André e Levi escutavam de olhos
úmidos os conceitos do Senhor, cheios de sublimada emoção. Nesse ínterim,
chegaram Tiago, João e Pedro e todo o grupo se dirigiu, alegre, para um dos
montes próximos.
*
O crepúsculo descia num
deslumbramento de ouro e brisas cariciosas. Ao longo de toda a encosta, acotovelava-se
a turba imensa. Muitas centenas de criaturas se aglomeravam ali, a fim de ouvirem
a palavra do Senhor, dentro da paisagem que se aureolava dos brilhos singulares
de todo o horizonte pincelado de luz.
Eram velhinhos trêmulos, lavradores
simples e generosos, mulheres do povo agarradas aos filhinhos. Entre os mais
fortes e sadios, viam-se cegos e crianças doentes, homens maltrapilhos,
exibindo as verminas que lhes corroíam as mãos e os pés. Todos se comprimiam
ofegantes.
Ante os seus olhares felizes, a
figura do Mestre surgiu na eminência enfeitada de verdura, onde perpassavam
brandamente os ventos amigos da tarde. Deixando perceber que se dirigia aos
vencidos e sofredores do mundo inteiro e como que esclarecendo o espírito de
Levi, que representava a aristocracia intelectual entre os seus discípulos, na
sua qualidade de cobrador dos tributos populares, Jesus, pela primeira vez,
pregou as bem-aventuranças celestiais. Sua voz caía como bálsamo eterno, sobre
os corações desditosos.
Bem-aventurados os pobres e os
aflitos!
Bem-aventurados os sedentos de
justiça e misericórdia!...
Bem-aventurados os pacíficos e os
simples de coração!...
Por muito tempo falou do Reino de
Deus, onde o amor edificaria maravilhas perenes e sublimadas. Suas promessas
pareciam dirigidas ao incomensurável futuro humano. Do alto do monte, soprava
um vento leve, em deliciosas vagas de perfume. As brisas da Galiléia se haviam
impregnado da virtude poderosa e indestrutível daquelas palavras e, obedecendo
a uma determinação superior, iam espalhar-se entre todos os aflitos da Terra.
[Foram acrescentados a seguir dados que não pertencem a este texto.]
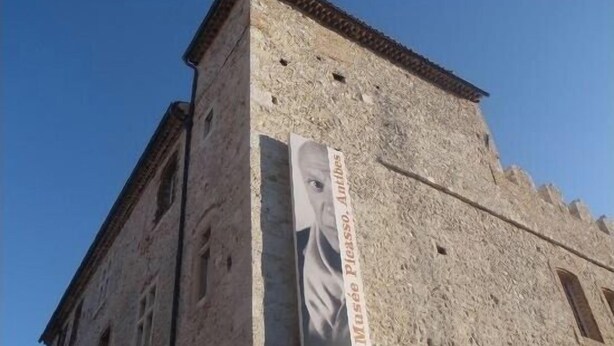 A stone building with a large poster of a woman on the side. - Bright, modern apartment in town center (Antibes)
Quando Jesus terminou a sua alocução, algumas estrelas já brilhavam no
firmamento, como radiosas bênçãos divinas. Muitas mães sofredoras e oprimidas,
com suave fulgor nos olhos, lhe trouxeram os filhinhos para que ele os
abençoasse. Anciães de frontes nevadas pelos invernos da vida lhe beijavam as mãos.
Cegos e leprosos rodeavam-no com semblante sorridente e diziam:
_Bendito seja o filho de Deus!
Jesus acolhia-os satisfeito, enviando a todos o sorriso de sua afeição.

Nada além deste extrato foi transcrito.